Part I: Sentiment Analysis

Updating the VADER Dictionary

After a quick look through the VADER documentation, I realized that I could update the VADER sentiment dictionary to fit my needs. Since r/wallstreetbets is the birthplace of many new and original phrases, I would have to not only find an exhaustive list of these terms, but also assign a non-arbitrary sentiment score to them. Though after a couple of minutes of web surfing, my work was cut short for me. Apparently, there had been others who were also interested in analyzing this subreddit's sentiment, and had already created the dictionary with a long list of terms (1, 2, 3). I took inspiration from the three sources and created my own dictionary which is shown below.

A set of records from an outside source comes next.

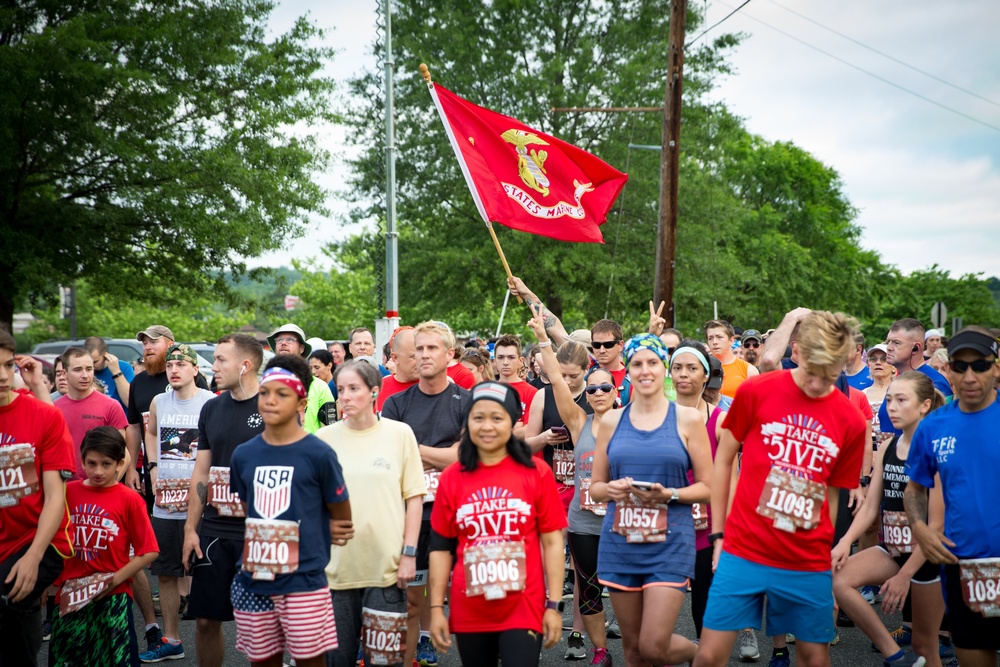 DVIDS Images Marine Corps Historic Half Marathon [Image 1 of 5]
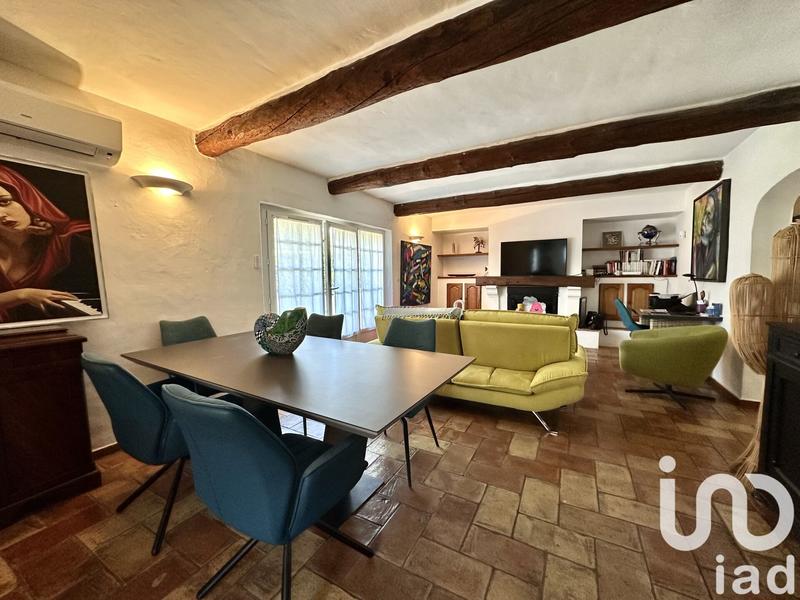 Appartement - 99 m² - 4 pièces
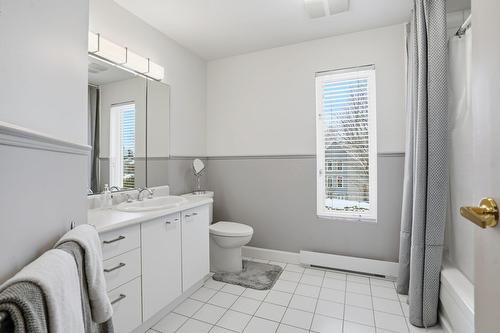 Salle de bains - 320 Rue Brion, Saint-Amable, QC - Indoor Photo Showing Bathroom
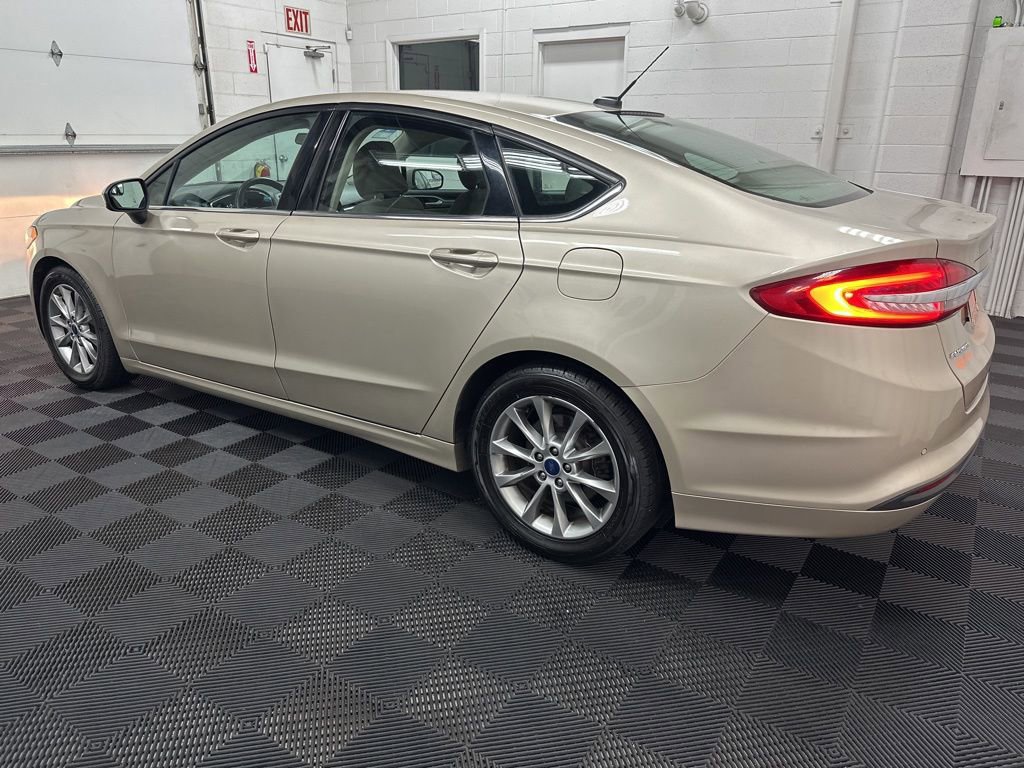 Used 2017 Ford Fusion SE w/ Fusion SE Technology Package image 7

wsb_lingo = {'citron': -4.0, 'hidenburg': -4.0, 'moon': 4.0, 'highs': 2.0,
             'mooning': 4.0, 'long': 2.0, 'short': -2.0, 'call': 4.0, 'calls': 4.0,
             'put': -4.0, 'puts': -4.0, 'break': 2.0, 'tendie': 2.0, 'tendies': 2.0,
             'town': 2.0, 'overvalued': -3.0, 'undervalued': 3.0, 'buy': 4.0, "hold": 1.0,
             'sell': -4.0, 'gone': -1.0, 'gtfo': -1.7, 'paper': -1.7, 'bullish': 3.7,
             'bearish': -3.7, 'bagholder': -1.7, 'stonk': 1.9, 'green': 1.9, 'money': 1.2,
             'print': 2.2, 'bull': 2.9, 'bear': -2.9, 'pumping': -1.0, 'sus': -3.0,
             'offering': -2.3, 'rip': -4.0, 'downgrade': -3.0, 'upgrade': 3.0,
             'maintain': 1.0, 'pump': 1.9, 'hot': 1.5, 'drop': -2.5, 'rebound': 1.5,
             'crack': 2.5, "BTFD": 4.0, "FD": 4.0, "diamond hands": 0.0, "paper hands": 0.0,
             "DD": 4.0, "GUH": -4.0, "pump": 4.0, "dump": -4.0, "gem stone": 4.0, "rocket": 4.0,
             "andromeda": 0.0, "to the moon": 4.0}

It is worth noting that sentiment scores are given on a scale from -4 (most negative) to 4 (most positive). Also, another interesting thing about VADER is that in-text emojis are automatically converted into text before analysis. To this end, it was only necessary for me to give a description of the emojis for VADER to be able to pick up on its sentiment. This can be seen above with "rocket" and "gem stone".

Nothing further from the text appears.